**WHAT THE TASK ASKS**
Write out exactly the lines from the one containing "Vacation home with" through the last line of the records below, both included, and leave out any pictures.

• • • • •

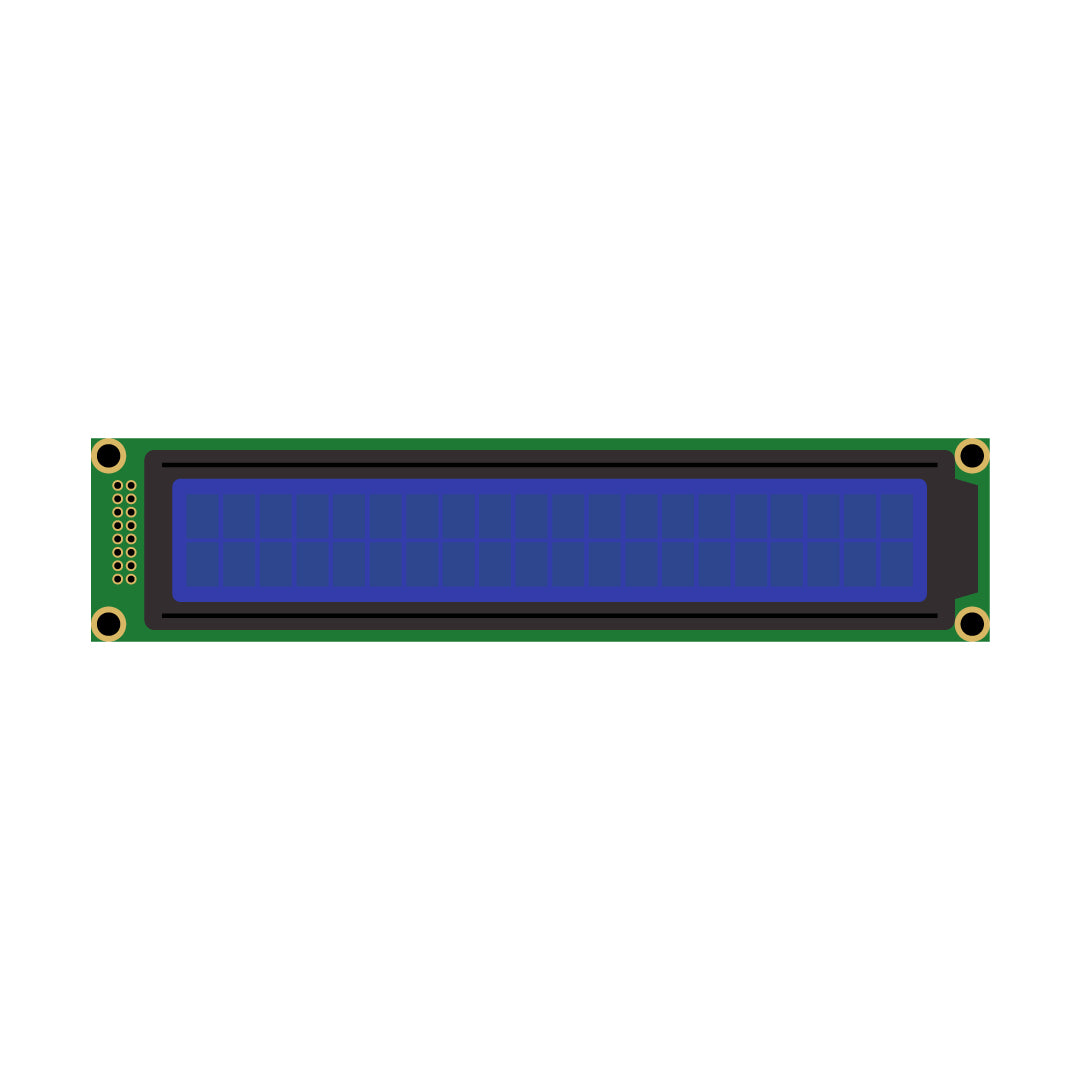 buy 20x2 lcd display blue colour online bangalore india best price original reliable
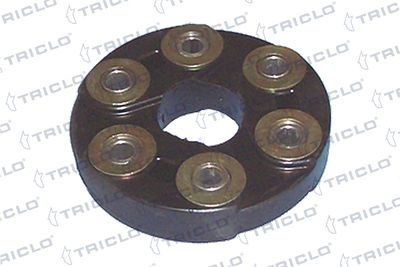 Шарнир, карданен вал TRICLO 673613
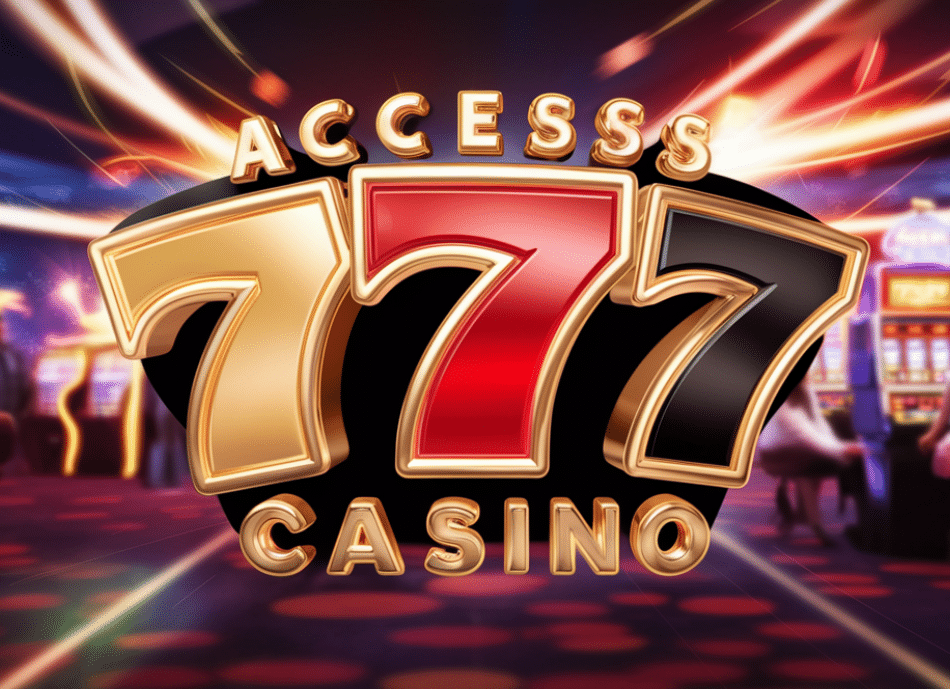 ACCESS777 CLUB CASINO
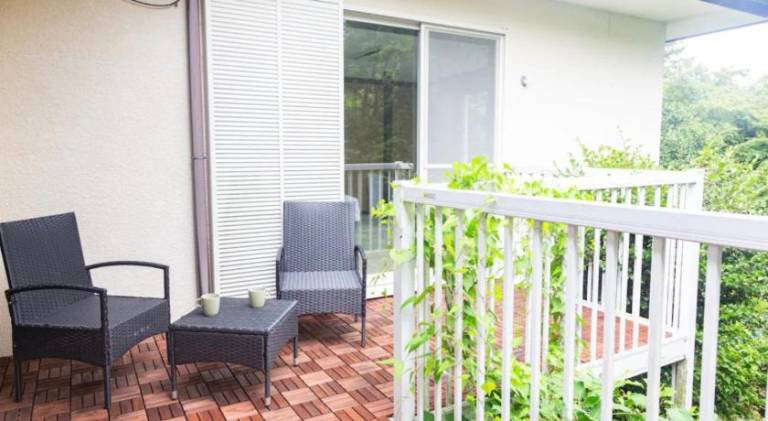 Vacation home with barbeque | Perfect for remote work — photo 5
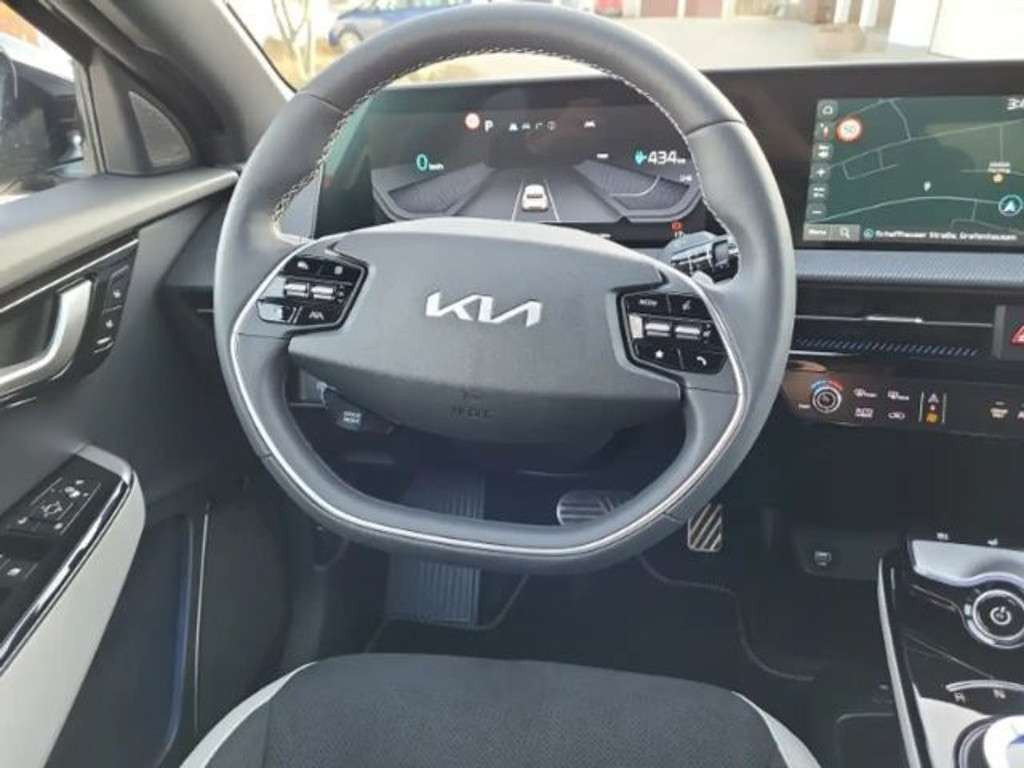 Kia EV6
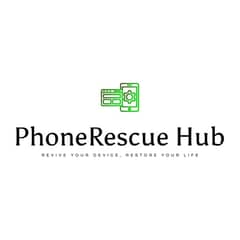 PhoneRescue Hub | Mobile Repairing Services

• • • • •

**YOUR RESPONSE**
 Vacation home with barbeque | Perfect for remote work — photo 5
 Kia EV6
 PhoneRescue Hub | Mobile Repairing Services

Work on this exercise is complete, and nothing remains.